Hudi catalog
Introduction
Apache Gravitino provides the ability to manage Apache Hudi metadata.
Requirements and limitations
info
Tested and verified with Apache Hudi 0.15.0.
Catalog
Catalog capabilities
- Works as a catalog proxy, supporting 
HMSas catalog backend. - Only support read operations (list and load) for Hudi schemas and tables.

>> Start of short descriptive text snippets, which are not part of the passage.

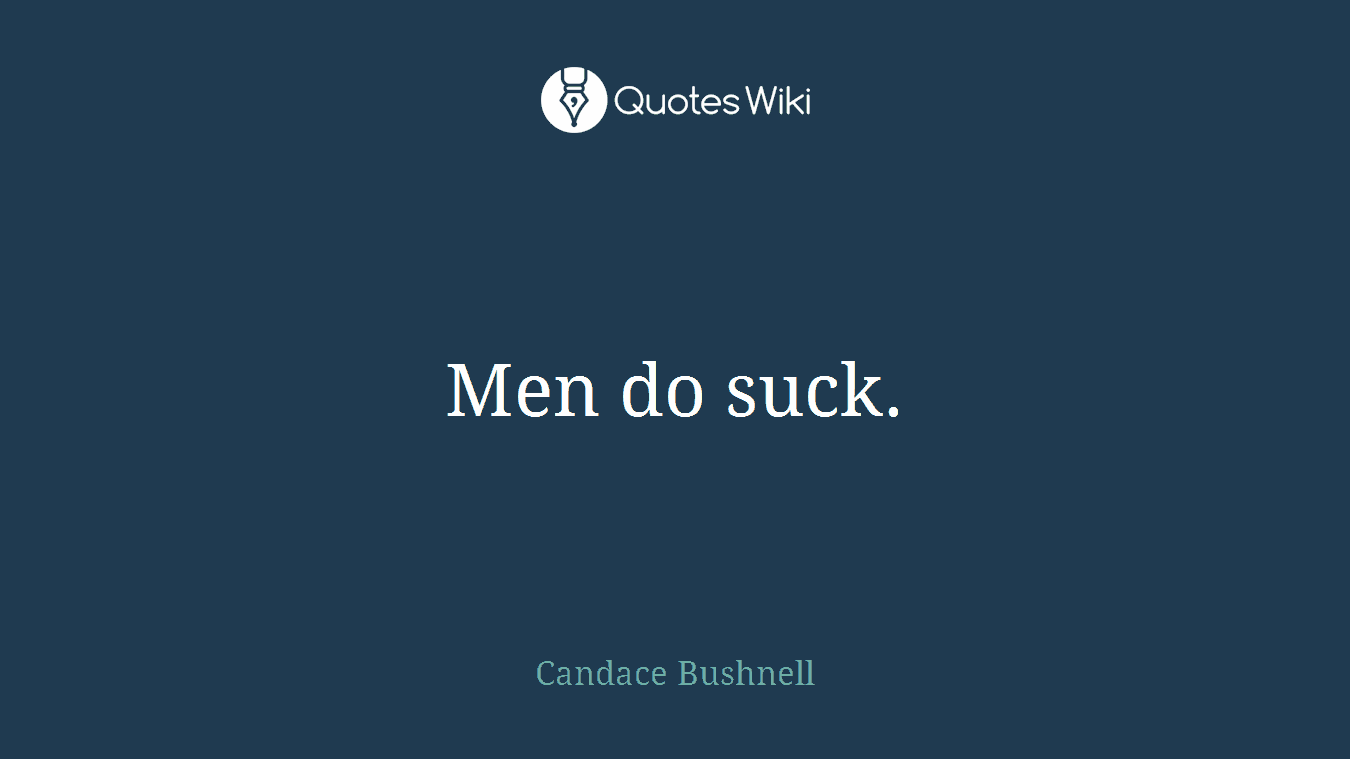 Men do suck.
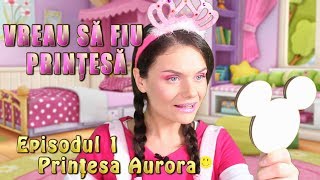 Vreau sa fiu printesa  Episodul 1 Aurora [upl. by Germaine710]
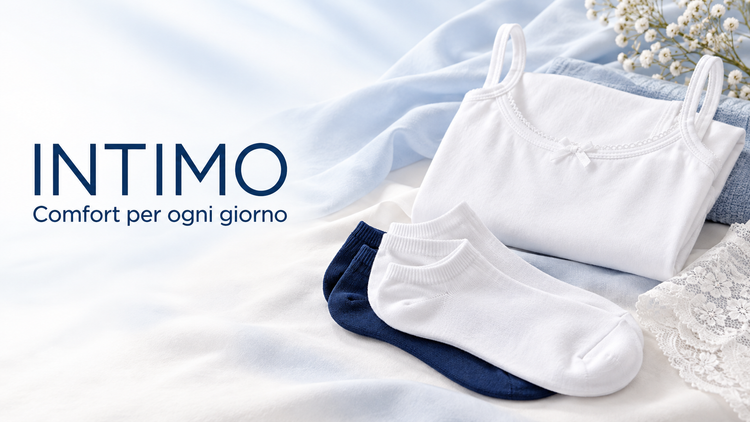 Collezione Intimo - comfort per ogni giorno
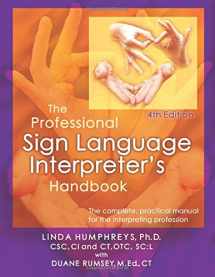 9780972416139-0972416137-The Professional Sign Language Interpreter's Handbook: The Complete Practical Manual for the Interpreting Profession - 4th Edition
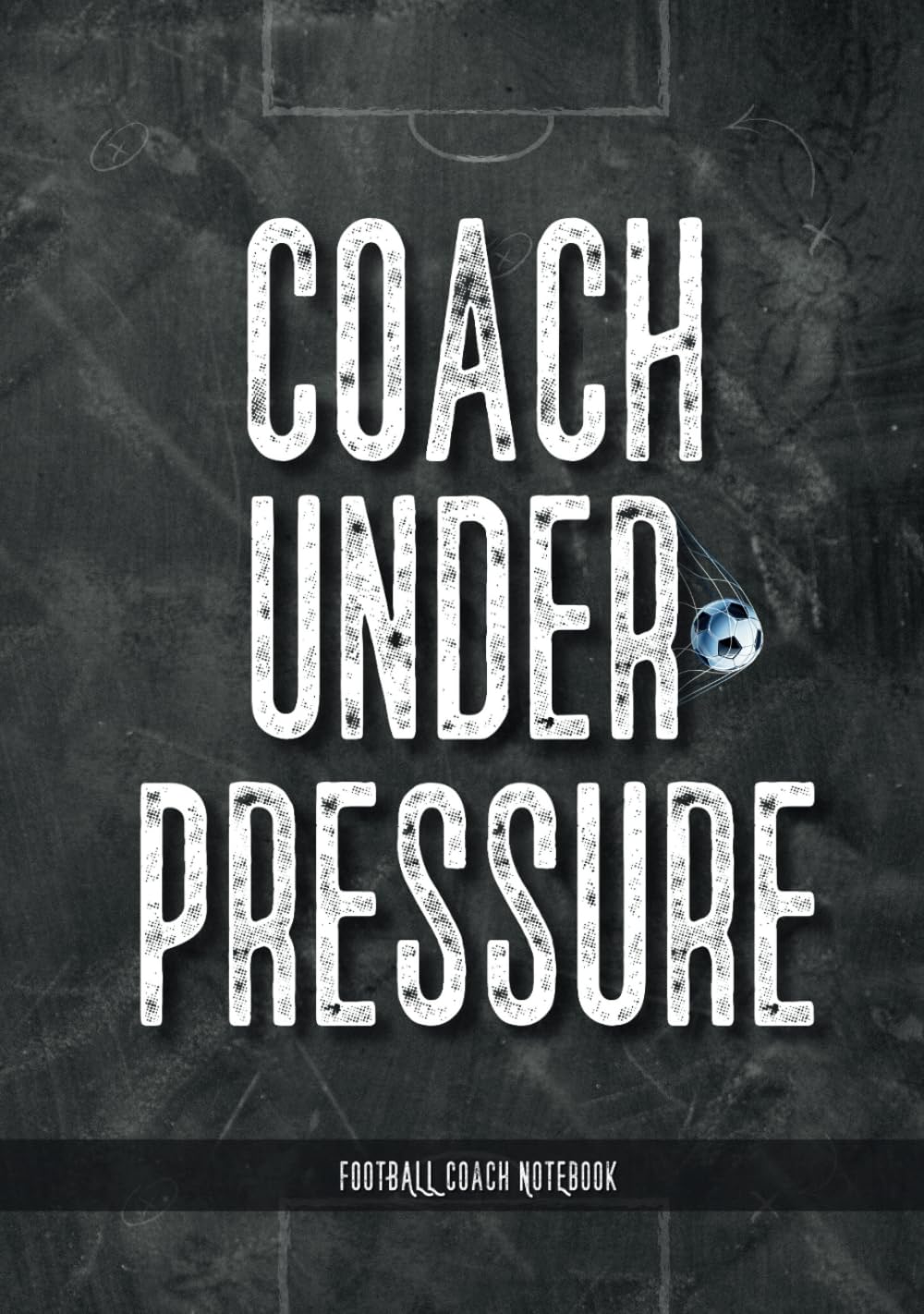 Football Coaching Planner: Coach Organiser Logbook - Record Training and Matches Session - Draw Tactical and Players Position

 - Doesn't support timeline management operations now.
 
Catalog properties
| Property name | Description | Default value | Required | Since Version | 
|---|---|---|---|---|
catalog-backend | Catalog backend of Gravitino Hudi catalog. Only supports hms now. | (none) | Yes | 0.7.0-incubating | 
uri | The URI associated with the backend. Such as thrift://127.0.0.1:9083 for HMS backend. | (none) | Yes | 0.7.0-incubating | 
client.pool-size | For HMS backend. The maximum number of Hive metastore clients in the pool for Gravitino. | 1 | No | 0.7.0-incubating | 
client.pool-cache.eviction-interval-ms | For HMS backend. The cache pool eviction interval. | 300000 | No | 0.7.0-incubating | 
gravitino.bypass. | Property name with this prefix passed down to the underlying backend client for use. Such as gravitino.bypass.hive.metastore.failure.retries = 3 indicate 3 times of retries upon failure of Thrift metastore calls for HMS backend. | (none) | No | 0.7.0-incubating | 
Catalog operations
Please refer to Manage Relational Metadata Using Gravitino for more details.
Schema
Schema capabilities
- Only support read operations: listSchema, loadSchema, and schemaExists.
 
Schema properties
- The 
Locationis an optional property that shows the storage path to the Hudi database 
Schema operations
Only support read operations: listSchema, loadSchema, and schemaExists. Please refer to Manage Relational Metadata Using Gravitino for more details.
Table
Table capabilities
- Only support read operations: listTable, loadTable, and tableExists.
 
Table partitions
- Support loading Hudi partitioned tables (Hudi only supports identity partitioning).
 
Table sort orders
- Doesn't support table sort orders.
 
Table distributions
- Doesn't support table distributions.
 
Table indexes
- Doesn't support table indexes.
 
Table properties
- For HMS backend, it will bring out all the table parameters from the HMS.
 
Table column types
The following table shows the mapping between Gravitino and Apache Hudi column types:
| Gravitino Type | Apache Hudi Type | 
|---|---|
boolean | boolean | 
integer | int | 
long | long | 
date | date | 
timestamp | timestamp | 
float | float | 
double | double | 
string | string | 
decimal | decimal | 
binary | bytes | 
array | array | 
map | map | 
struct | struct | 
Table operations
Only support read operations: listTable, loadTable, and tableExists. Please refer to Manage Relational Metadata Using Gravitino for more details.